Help needed on restart-from-point-of-failure in Parallel Processing

Hi Gurus,
Good morning... :slight_smile:
OS Info:
Linux 2.6.32-431.17.1.el6.x86_64 #1 SMP Fri Apr 11 17:27:00 EDT 2014 x86_64 x86_64 x86_64 GNU/Linux

I have a script which takes multiples parameters from a properties file one by one and run in background (to do parallel processing). As example:

$ cat properties.file
Account
Customer
Address
Phone

part of customCombinedScripts.sh

 
  
 while IFS= read -r fileLines; do
    /path/to/product/script/data_process "${fileLines}" || exit -1 &
    dpPIDs+=" $!"
 done < properties.file
 ## logic to check background job status (success or failed)
for chkPIDs in $dpPIDs; do
    if ! wait $chkPIDs; then
        failCnt=`expr $failCnt + 1`
    fi
done
 if [ $failCnt -gt 0 ]; then
    echo "[`date`][FATAL] There are errors in Data Processing, total number of DP jobs failure is $failCnt. Check log."
    exit -1
else
    echo "[`date`][SUCCESS] Data Processing for received files has been completed..."
fi
  
 

Now my requirement is: Suppose "Address" failed, how to restart the script which will take the failed parameters (i.e Address) only?

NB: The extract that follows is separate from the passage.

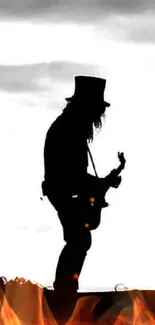 Silhouette of a rockstar playing guitar against a cloudy sky in black and white.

I have implemented restart-from-point-of-failure concept in my another script which has "Sequential processing" using help from this article, posted by Corona688 Resume from last failed command - Page 3

How to implement the same concept in "Parallel Processing"?

Kindly help / provide ideas.

Cheers,
Saptarshi

As a quick first pass, I'd suggest that your line that ends with || exit -1 & will actually put an exit -1 into the background if the data_process call fails (returns non-zero) but doesn't cause the overall call to data_process code to run in the background.

Have I got that wrong?

You might want this:-

(/path/to/product/script/data_process "${fileLines}" || exit -1) &

It might be simpler to have a directory called 'Running' that you create a marker file in when you start a job and only remove when you successfully exit. That way, you could write something to read the directory contents for a restart.

Would that logic help?

Robin

Thank you rbattle1,

make sense and corrected the script(though earlier it was running fine (:confused:), don't know how).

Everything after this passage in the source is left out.